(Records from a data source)
####

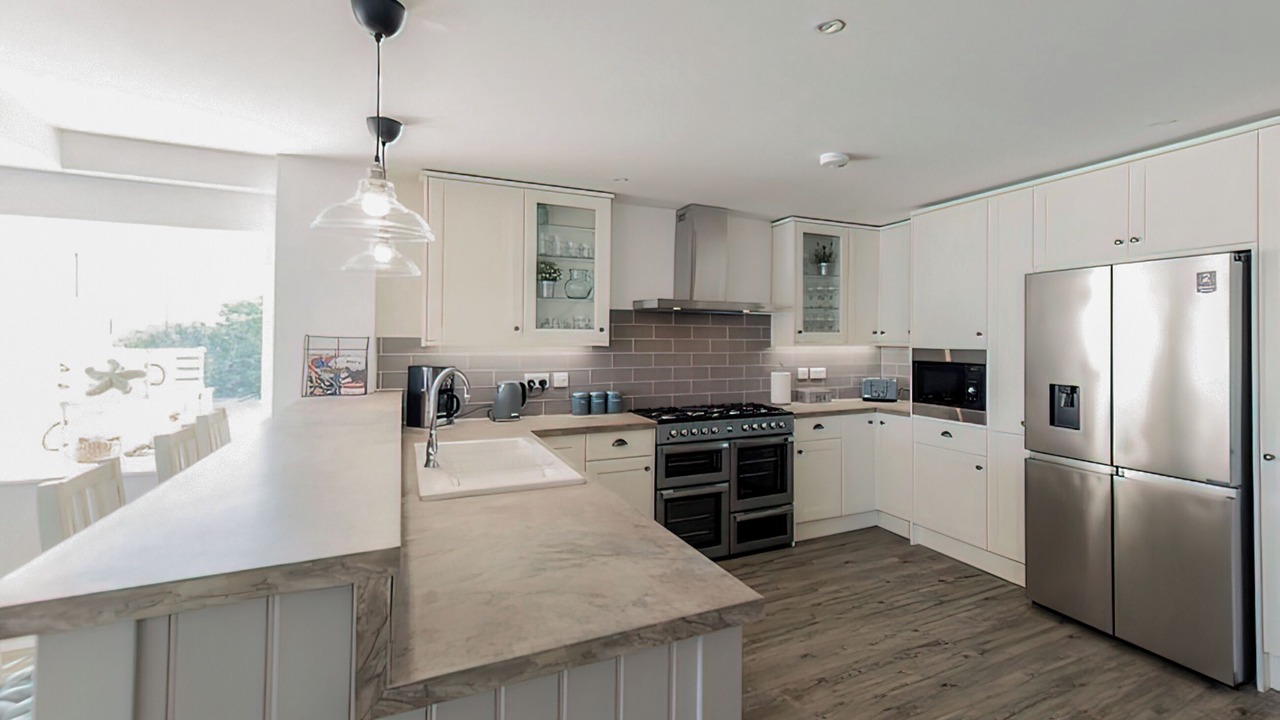 Photo of Others in Menai Bridge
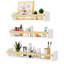 Tablettes Elijia
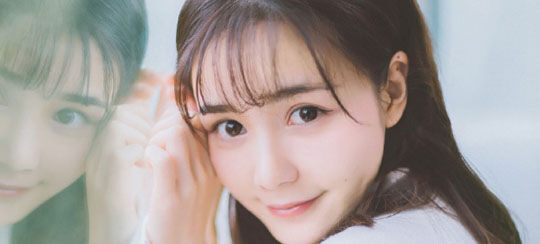辣妻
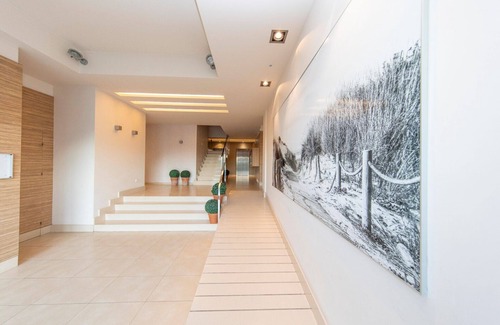 Fazouro Apartment | URB FOZ II, 3 BEDROOMS
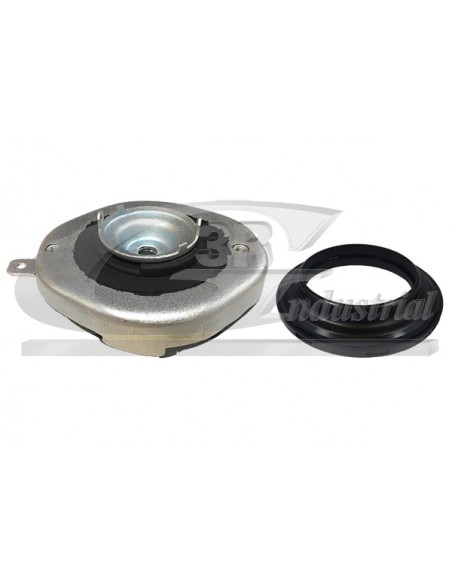 Soporte amortiguador delantero  Renault 19  7700835254
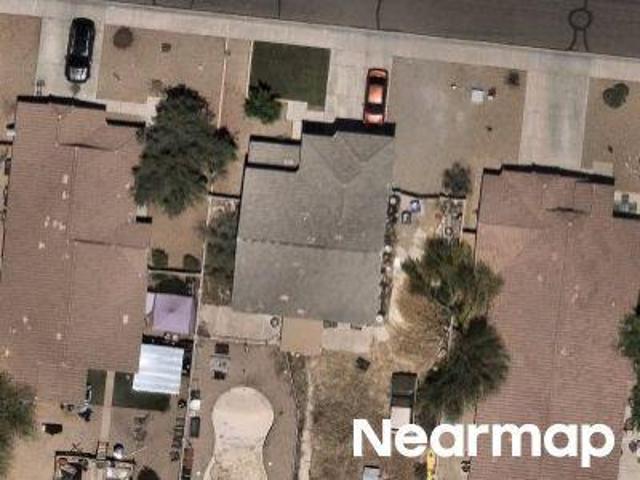 House for sale in Queen Creek, Arizona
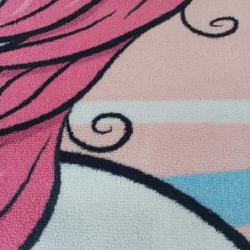 Детски килим 131730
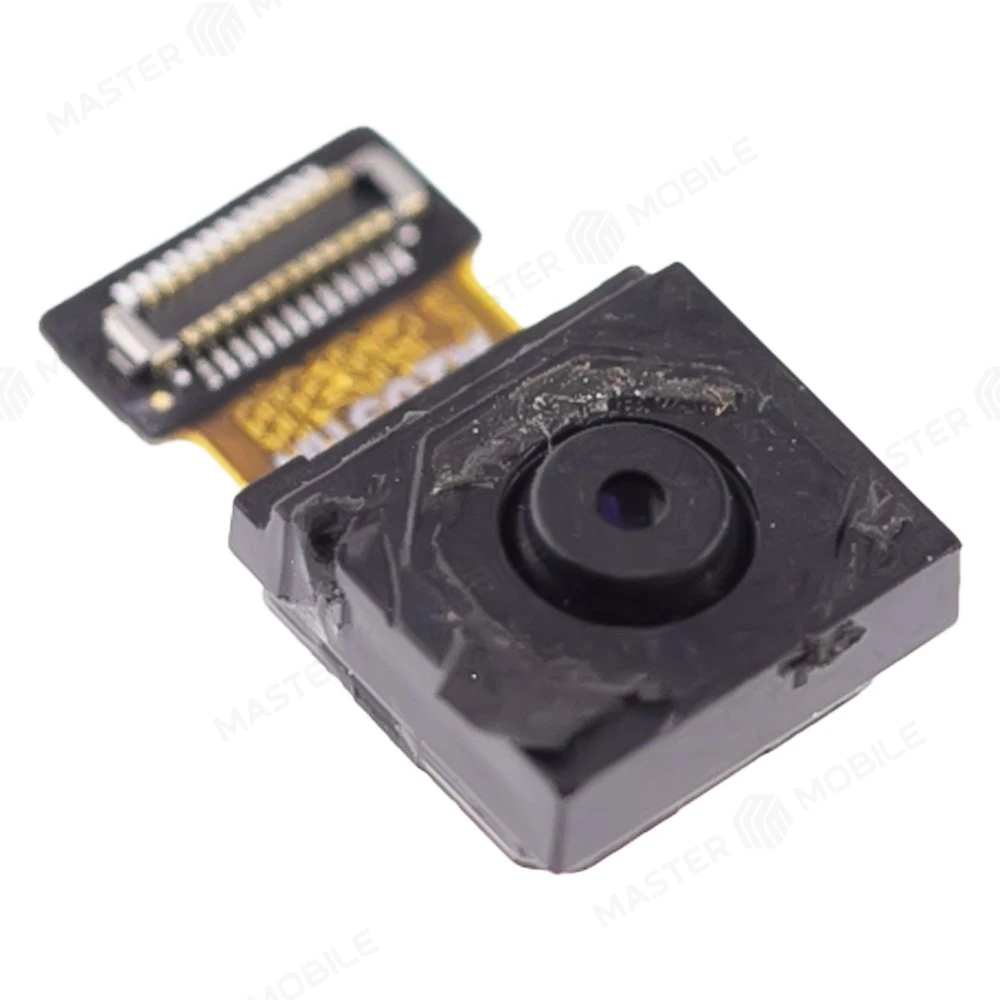 Камера для Xiaomi Poco F3 (M2012K11AG) / Mi 11i (M2012K11G) / Mi 11X Pro (M2012K11I) / Black Shark 4 (SHARK PRS-H0) и др. (передняя) (ORIG100) фото №3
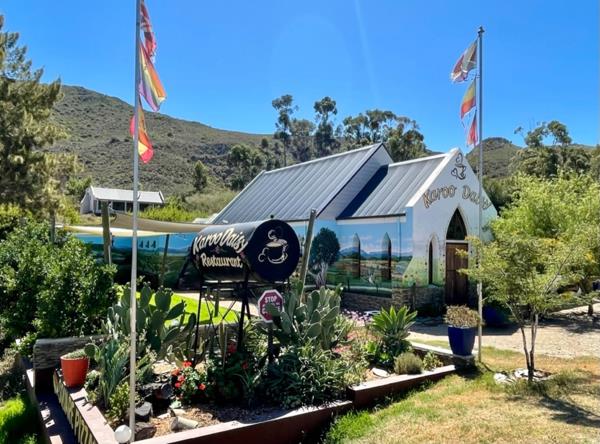 350  m² Commercial space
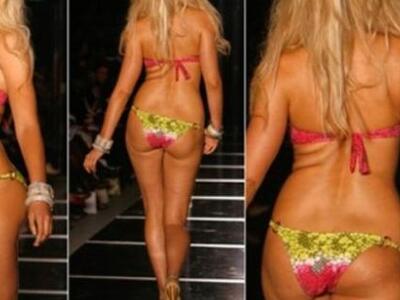 Και οι... "άγγελοι" έχουν ατέλ...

####

| TASK REQUIREMENTS |
An exact repeat of all the data is required, pictures excluded.

| REPLY TO THE TASK |
 Photo of Others in Menai Bridge
 Tablettes Elijia
辣妻
 Fazouro Apartment | URB FOZ II, 3 BEDROOMS
 Soporte amortiguador delantero  Renault 19  7700835254
 House for sale in Queen Creek, Arizona
 Детски килим 131730
 Камера для Xiaomi Poco F3 (M2012K11AG) / Mi 11i (M2012K11G) / Mi 11X Pro (M2012K11I) / Black Shark 4 (SHARK PRS-H0) и др. (передняя) (ORIG100) фото №3
 350  m² Commercial space
 Και οι... "άγγελοι" έχουν ατέλ...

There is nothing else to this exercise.